AI-Powered Loan Eligibility & Risk Scoring System

An end-to-end machine learning system that trains and serves a robust model to predict loan default risk, exposed via a high-performance FastAPI backend.

📖 Table of Contents

🎯 Project Objective
✨ Key Features
📊 Visual Analysis & Model Insights
🏗️ System Architecture
📂 Repository Structure
🚀 Getting Started
⚙️ API Endpoints Guide
🤖 Model Training & Retraining
🤝 Contributing
📜 License

🎯 Project Objective

The primary goal of this project is to develop a reliable, scalable, and end-to-end system for assessing loan default risk. By leveraging a machine learning model trained on historical data, the system provides instant risk scores and actionable recommendations. The entire solution is served through a well-documented RESTful API, making it easy to integrate into existing financial workflows and applications.

✨ Key Features

Advanced ML Model: Utilizes a LightGBM Classifier with GridSearchCV for hyperparameter tuning to ensure high accuracy and robustness in predictions.
Comprehensive Feature Engineering: Creates powerful interaction features (e.g., LoanIncomeRatio, MonthsEmployedCreditScore) to capture complex borrower behaviors.
High-Performance API: Built with FastAPI for asynchronous, high-speed request handling, making it suitable for production environments.
Robust Input Validation: Employs Pydantic schemas for strict, type-safe validation of all incoming request data, preventing common errors.
Model Insights Endpoint: Offers transparency by providing detailed model performance metrics, feature importances, and the best hyperparameters used.
Production-Ready Codebase: A modular, clean, and well-organized project structure that simplifies maintenance and future development.
Interactive Documentation: Automatically generates interactive API documentation (via Swagger UI and ReDoc) for easy testing and exploration.

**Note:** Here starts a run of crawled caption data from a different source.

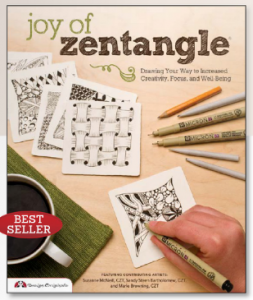 Book review - Joy of Zentangle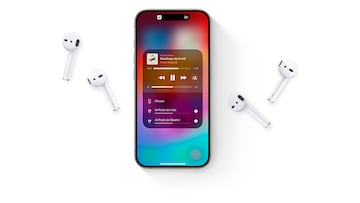 Los AirPods son los mejores auriculares para tu iPhone.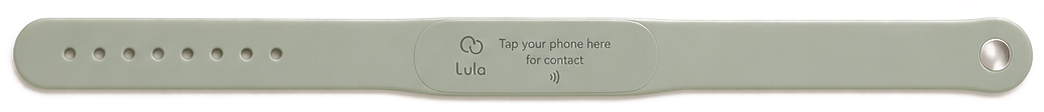 LulaBand wristband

📊 Visual Analysis & Model Insights

This section provides a visual overview of the dataset characteristics and the final model's performance. The charts are generated automatically during the model training process.

Exploratory Data Analysis (EDA)

Understanding the data is the first step toward building an effective model. These charts reveal key patterns and distributions in the loan dataset.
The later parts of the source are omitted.